Exercise brief — Please set down exactly the lines from the one containing "Derbi Hunter Derbi Hunter" through the last line of the records below, both included, with no pictures.

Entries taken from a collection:
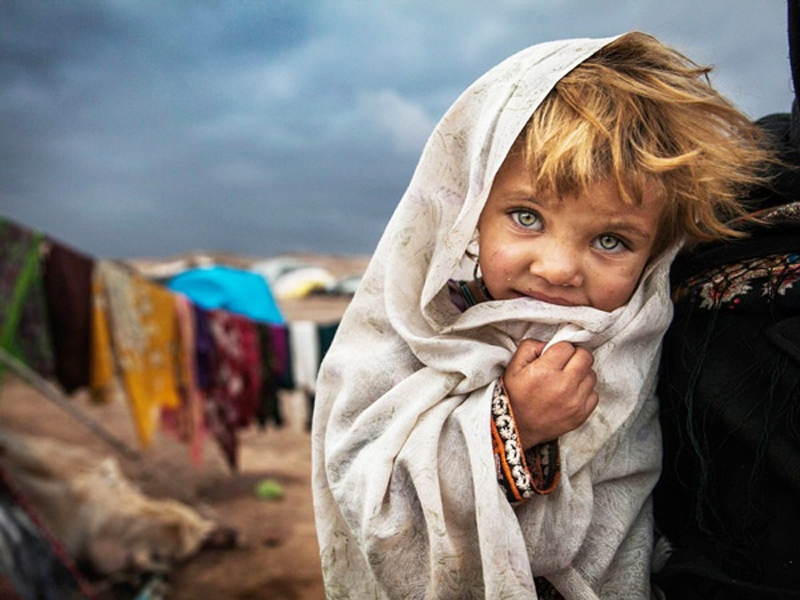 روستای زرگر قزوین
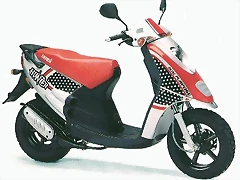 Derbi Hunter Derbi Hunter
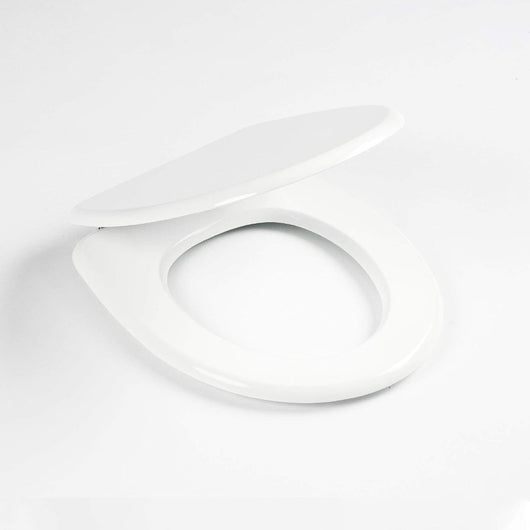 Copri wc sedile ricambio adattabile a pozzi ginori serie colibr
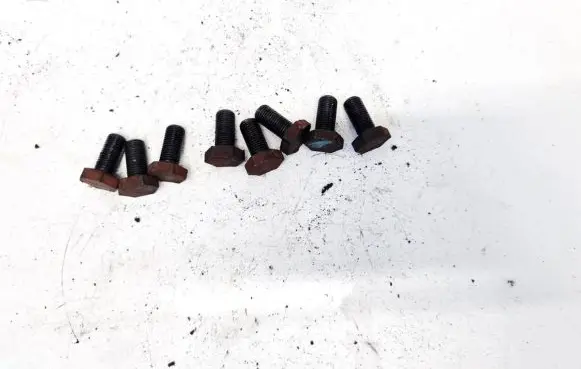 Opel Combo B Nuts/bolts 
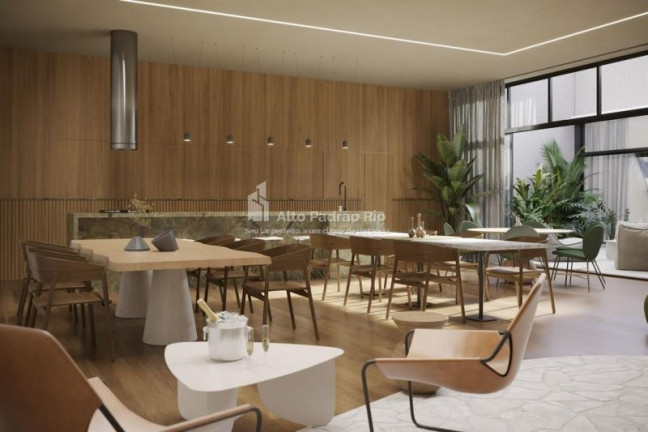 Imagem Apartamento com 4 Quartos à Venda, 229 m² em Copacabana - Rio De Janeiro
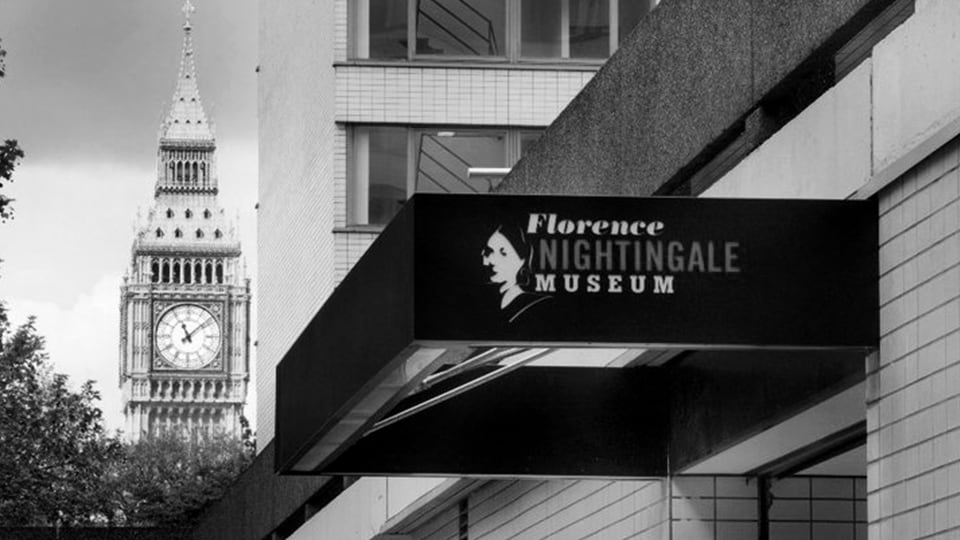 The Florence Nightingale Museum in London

Solved exercise —
 Derbi Hunter Derbi Hunter
 Copri wc sedile ricambio adattabile a pozzi ginori serie colibr
 Opel Combo B Nuts/bolts 
 Imagem Apartamento com 4 Quartos à Venda, 229 m² em Copacabana - Rio De Janeiro
 The Florence Nightingale Museum in London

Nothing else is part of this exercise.